At this time, my internship program in Houston has just entered the second week. Our topic today concerns safety. Simply put, the greatest enemy of any intern (experienced or otherwise) is a complacent spirit—of getting too used to the routine of construction and letting ourselves off the hook regarding the rules about safety. There exists a rich diversity in safety regulations and OSHA guidelines for the express purpose of protecting human life, and we ought to remember and refresh ourselves with these abundant albeit stringent policies.

Quite frankly, things like 16″ pieces of rebar can be hazardous if not given proper care. But, on a more positive note, the small yet professional courtesies we show to one another on the field add up. My SSI (Safety Site Inspection) at Flatiron’s Miscellaneous Airport Projects job for the City of Houston was a great learning experience. I worked alongside the project’s Safety Manager Gilbert Cruz. We made sure rebar had caps, everyone had gloves, and fire extinguishers are easily accessible. At Flatiron, we realize small errors can cost more than just time delays or injuries—human lives are literally at stake.


A dedication to safety does not mean a betrayal of camaraderie. When Gilbert and I informed the workers of the apparent risks, they responded with a sincere smile and made sure their area was up to our high standards. Securing the environment for one’s colleagues shows them the appreciation we at Flatiron have for our employees.

At the end of the day, many of us are exhausted from the work piled at our desks and work sites.
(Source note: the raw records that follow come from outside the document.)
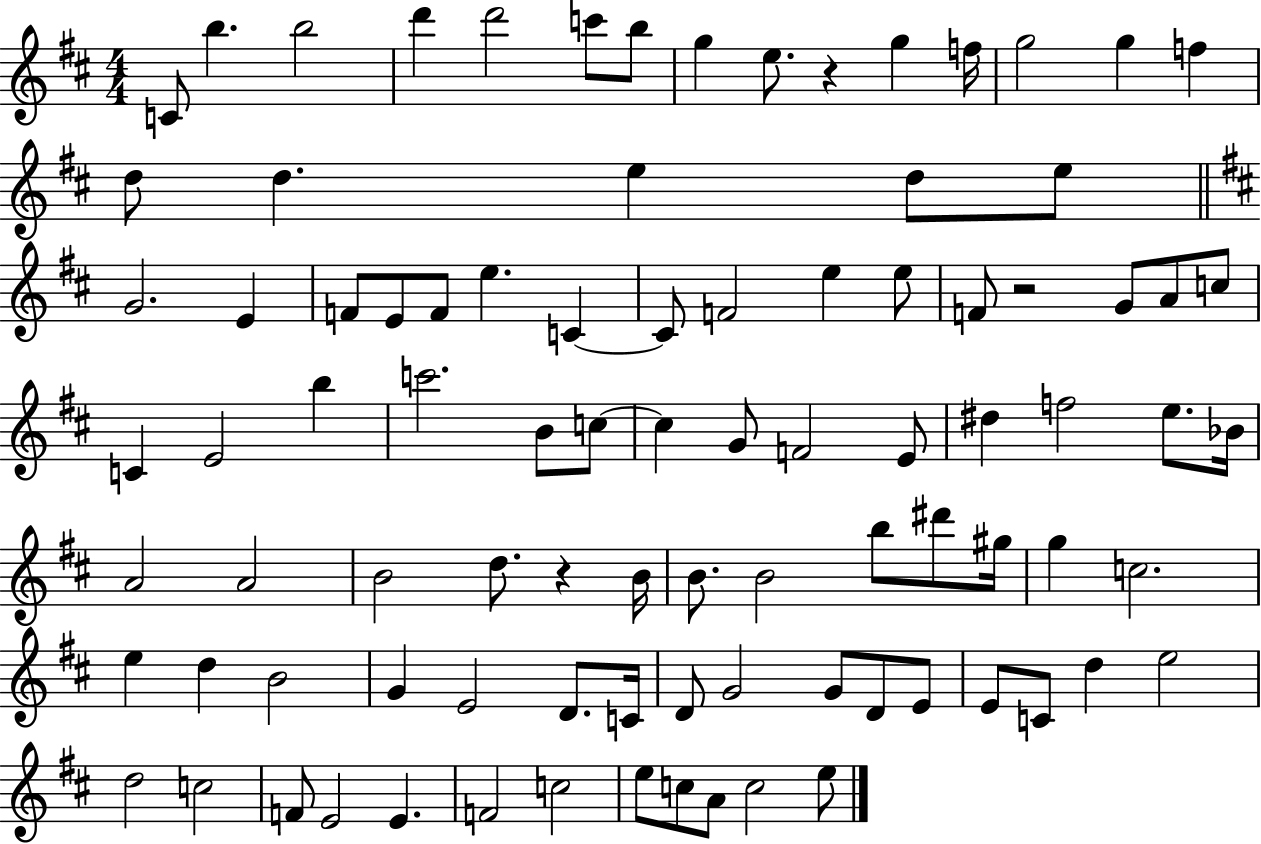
{
  \clef treble
  \numericTimeSignature
  \time 4/4
  \key d \major
  c'8 b''4. b''2 | d'''4 d'''2 c'''8 b''8 | g''4 e''8. r4 g''4 f''16 | g''2 g''4 f''4 | \break d''8 d''4. e''4 d''8 e''8 | \bar "||" \break \key d \major g'2. e'4 | f'8 e'8 f'8 e''4. c'4~~ | c'8 f'2 e''4 e''8 | f'8 r2 g'8 a'8 c''8 | \break c'4 e'2 b''4 | c'''2. b'8 c''8~~ | c''4 g'8 f'2 e'8 | dis''4 f''2 e''8. bes'16 | \break a'2 a'2 | b'2 d''8. r4 b'16 | b'8. b'2 b''8 dis'''8 gis''16 | g''4 c''2. | \break e''4 d''4 b'2 | g'4 e'2 d'8. c'16 | d'8 g'2 g'8 d'8 e'8 | e'8 c'8 d''4 e''2 | \break d''2 c''2 | f'8 e'2 e'4. | f'2 c''2 | e''8 c''8 a'8 c''2 e''8 | \break \bar "|."
}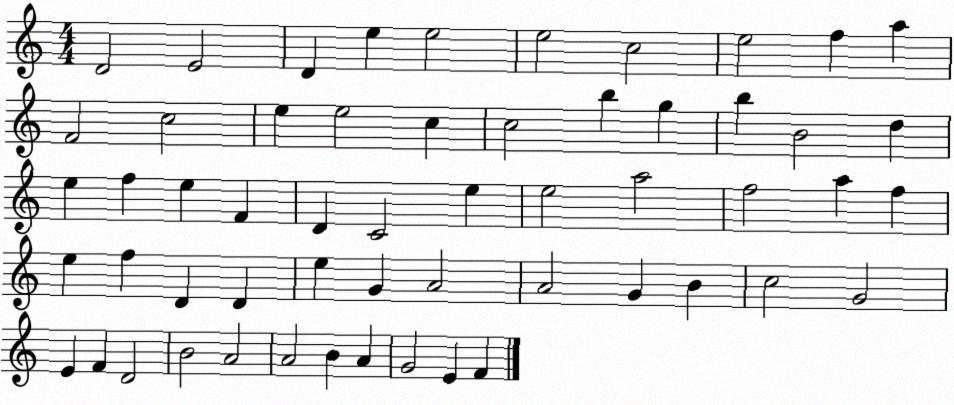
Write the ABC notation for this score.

X:1
T:Untitled
M:4/4
L:1/4
K:C
D2 E2 D e e2 e2 c2 e2 f a F2 c2 e e2 c c2 b g b B2 d e f e F D C2 e e2 a2 f2 a f e f D D e G A2 A2 G B c2 G2 E F D2 B2 A2 A2 B A G2 E F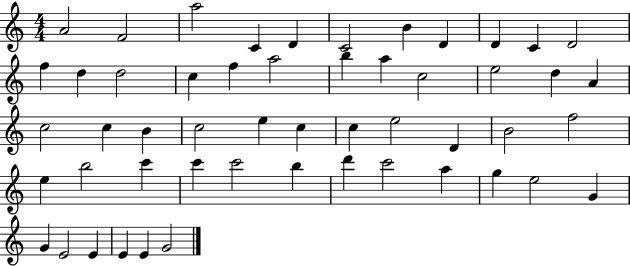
X:1
T:Untitled
M:4/4
L:1/4
K:C
A2 F2 a2 C D C2 B D D C D2 f d d2 c f a2 b a c2 e2 d A c2 c B c2 e c c e2 D B2 f2 e b2 c' c' c'2 b d' c'2 a g e2 G G E2 E E E G2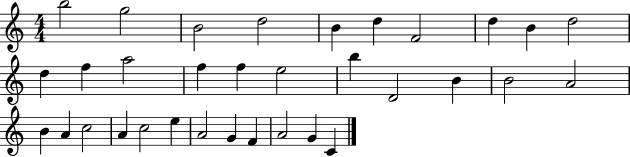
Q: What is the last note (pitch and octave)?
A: C4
But that’s never an excuse to get complacent about safety. We at Flatiron are determined to see everyone return home safe and ready for another day of honest, hard work. I have only just begun my Flatiron journey, but by the end of Safety Week as well as my internship, I hope to become a more safety-conscientious, competent construction manager.


Old de-ice house before demolition, at Denver International Airport

​Assisting in a key part of work at Denver International Airport

And hello there, my name is Erin!

I am writing to share what I have learned during my safety week as an intern working on the A-West Concourse Expansion Project at Denver International Airport. Flatiron is very dedicated to the idea that interns see all facets of a project, so we have different focus weeks to give us a wider operational perspective.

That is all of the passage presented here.